Leaving the pictures aside, transcribe every line below exactly.

Available data:
-------

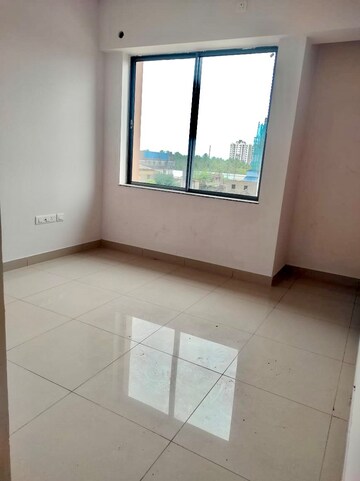 Room in 2 BHK Apartment at Godrej Seven, Joka – for Sale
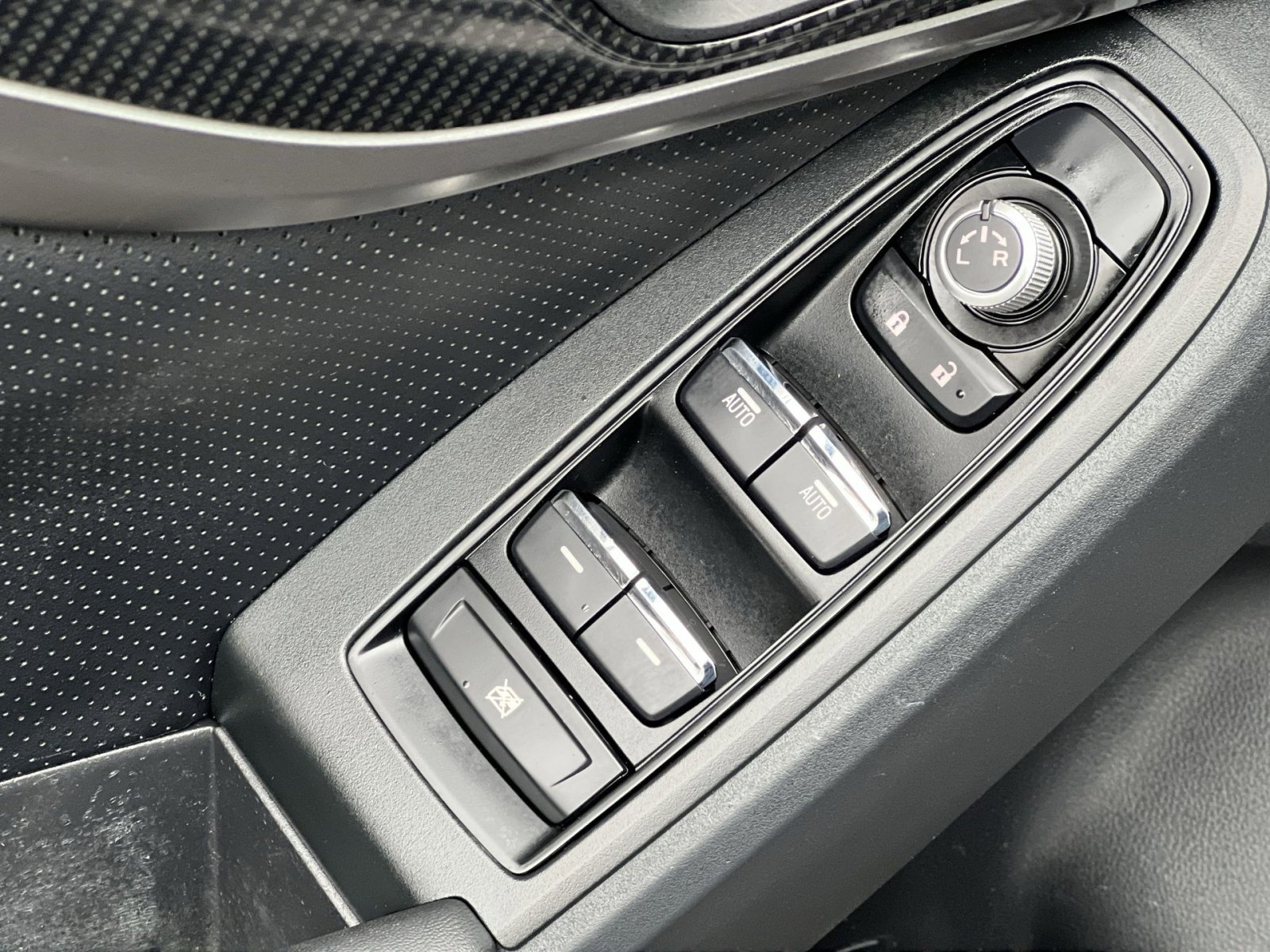 Used 2018 Subaru Impreza 2.0i Limited image 13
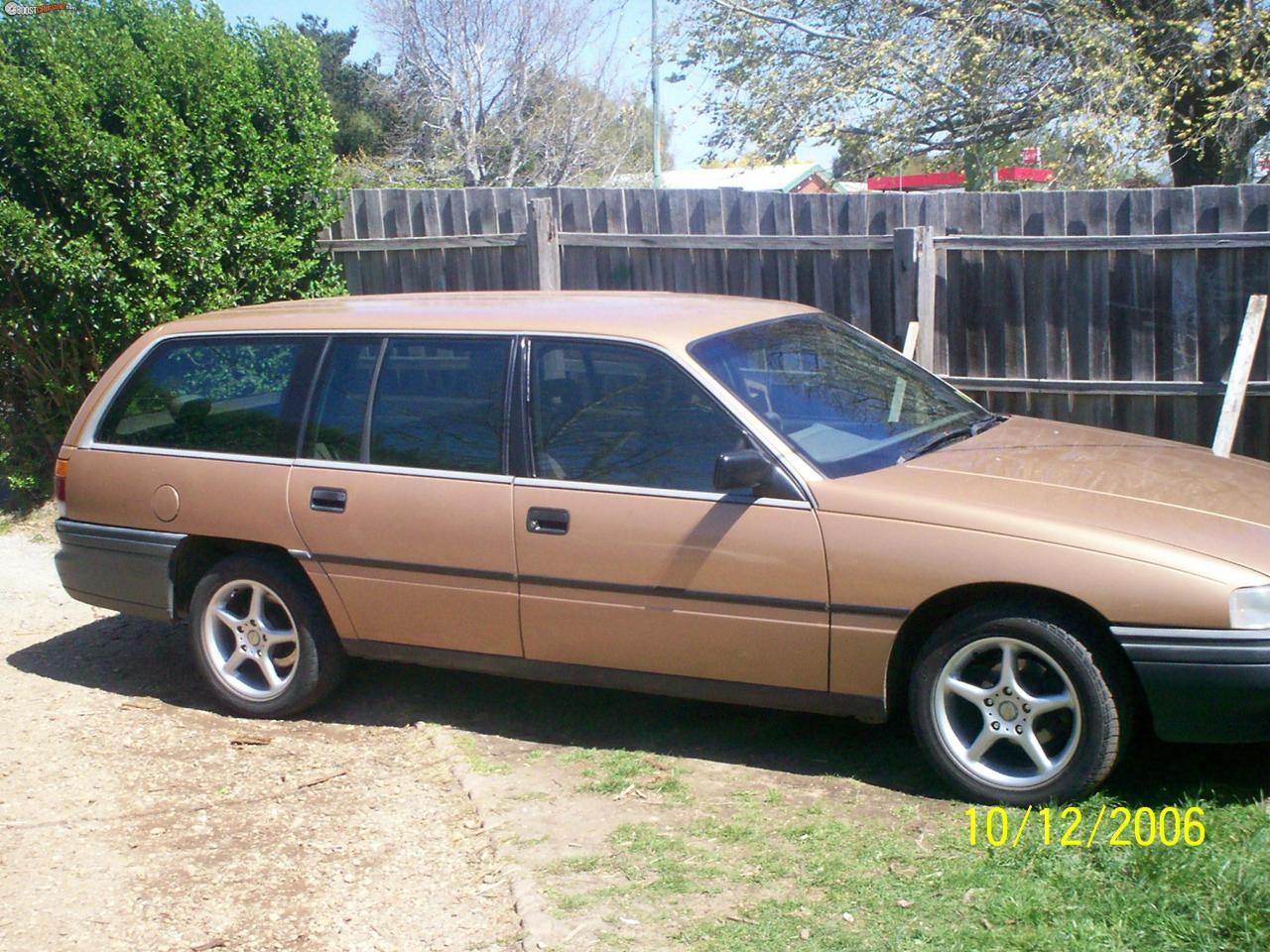 Vn_wagon's Holden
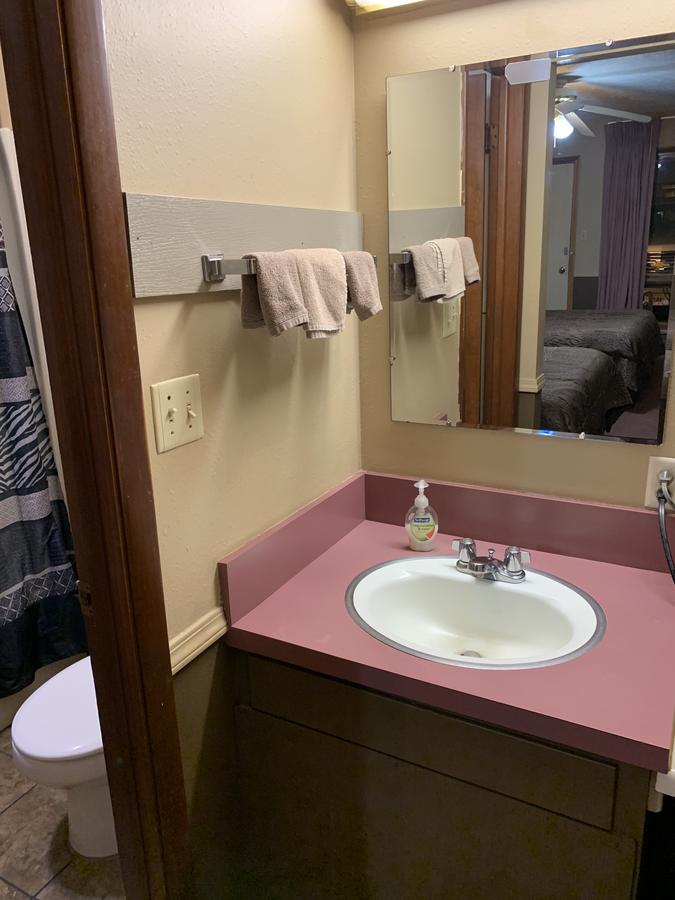 Blue Spruce Motel - thumb 9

-------

Worked solution:
 Room in 2 BHK Apartment at Godrej Seven, Joka – for Sale
 Used 2018 Subaru Impreza 2.0i Limited image 13
 Vn_wagon's Holden
 Blue Spruce Motel - thumb 9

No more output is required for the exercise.